Militia groups like Oath Keepers pledge to protect property amid charges of racism

More than 100 protesters — some wearing all black and carrying pistols — marched up to the approximately 20 people who had gathered Thursday evening awaiting instructions from the Oath Keepers, a heavily armed civilian group that has guarded private businesses during racial justice demonstrations this year.

The man leading the protesters, Chris Will, 34, criticized the people in fatigues for showing up to defend property but not the life of the 26-year-old Black woman who was killed by Louisville police in her apartment in March.

“Why didn’t every single one of you motherf—ers put this s— on to come help Breonna Taylor when they killed her?” Will asked the armed men, pointing at their body armor.

Oath Keepers leaders urged members not to respond; escalating tensions with demonstrators would only feed public perception that they were the problem, not the solution.

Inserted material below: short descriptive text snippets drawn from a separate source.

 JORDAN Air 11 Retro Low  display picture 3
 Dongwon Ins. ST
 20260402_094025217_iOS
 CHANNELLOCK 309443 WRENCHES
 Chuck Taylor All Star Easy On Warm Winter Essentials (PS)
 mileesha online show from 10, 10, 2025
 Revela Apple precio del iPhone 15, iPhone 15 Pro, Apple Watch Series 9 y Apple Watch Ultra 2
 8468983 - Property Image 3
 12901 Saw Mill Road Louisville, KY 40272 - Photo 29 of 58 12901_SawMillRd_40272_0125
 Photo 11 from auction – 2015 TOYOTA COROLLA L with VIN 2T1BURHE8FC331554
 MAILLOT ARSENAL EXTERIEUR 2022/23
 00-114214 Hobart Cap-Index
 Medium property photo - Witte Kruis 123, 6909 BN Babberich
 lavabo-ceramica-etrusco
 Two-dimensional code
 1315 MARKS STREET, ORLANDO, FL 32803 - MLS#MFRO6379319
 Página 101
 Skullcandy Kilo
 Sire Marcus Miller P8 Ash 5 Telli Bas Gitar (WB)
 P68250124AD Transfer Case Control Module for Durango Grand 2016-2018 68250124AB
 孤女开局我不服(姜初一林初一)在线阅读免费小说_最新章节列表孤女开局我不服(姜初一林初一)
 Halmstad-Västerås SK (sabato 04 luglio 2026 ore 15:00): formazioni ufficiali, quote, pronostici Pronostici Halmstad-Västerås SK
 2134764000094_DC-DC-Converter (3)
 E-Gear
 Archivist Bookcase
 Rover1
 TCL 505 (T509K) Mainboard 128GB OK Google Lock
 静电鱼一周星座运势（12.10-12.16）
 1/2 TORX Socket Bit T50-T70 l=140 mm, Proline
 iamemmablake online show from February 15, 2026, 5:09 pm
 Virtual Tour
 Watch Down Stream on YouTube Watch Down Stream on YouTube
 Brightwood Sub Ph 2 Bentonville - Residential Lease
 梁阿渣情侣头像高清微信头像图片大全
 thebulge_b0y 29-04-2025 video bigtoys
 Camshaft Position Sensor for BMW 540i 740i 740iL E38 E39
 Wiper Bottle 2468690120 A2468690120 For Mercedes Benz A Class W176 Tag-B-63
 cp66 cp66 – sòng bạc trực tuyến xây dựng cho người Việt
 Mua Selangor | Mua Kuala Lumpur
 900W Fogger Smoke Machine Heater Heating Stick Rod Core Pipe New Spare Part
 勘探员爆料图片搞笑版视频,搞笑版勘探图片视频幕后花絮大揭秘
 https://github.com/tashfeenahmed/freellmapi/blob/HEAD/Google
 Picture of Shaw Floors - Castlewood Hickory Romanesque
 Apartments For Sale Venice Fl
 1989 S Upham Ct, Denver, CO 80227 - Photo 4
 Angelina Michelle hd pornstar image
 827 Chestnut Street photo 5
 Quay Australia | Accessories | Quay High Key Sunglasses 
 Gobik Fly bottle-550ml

Oath Keepers is one of numerous vigilante groups that have flocked to cities where police killings and protests have sometimes been followed by property damage and violence. Its members travel from across the country equipped with long guns and protective gear to stand in plain view of demonstrators or loom over them from the edges of rooftops, unauthorized — and frequently unquestioned — by law enforcement.

Founder Stewart Rhodes refuses to say how many members he has accrued since the group was founded in 2009, but experts say it is among the largest of the armed civilian groups that have grown in popularity with the proliferation of social justice demonstrations.

The presence of armed civilian groups, many organized on Facebook, has brought street brawls and deadly shootings to a handful of protest scenes. Most notably, in August, a 17-year-old traveled to Kenosha, Wis., to guard businesses during unrest there and shot three men, two fatally. He has been charged with homicide.

The Oath Keepers’ Twitter account lauded the teen as “a Hero, a Patriot.” Meanwhile, Rhodes has called Black Lives Matter protesters “well-funded Marxist and racist agitators” and regularly warns of a coming civil war. Both Rhodes’s and the organization’s Twitter accounts were suspended in September after predicting “open warfare” with protesters on election night.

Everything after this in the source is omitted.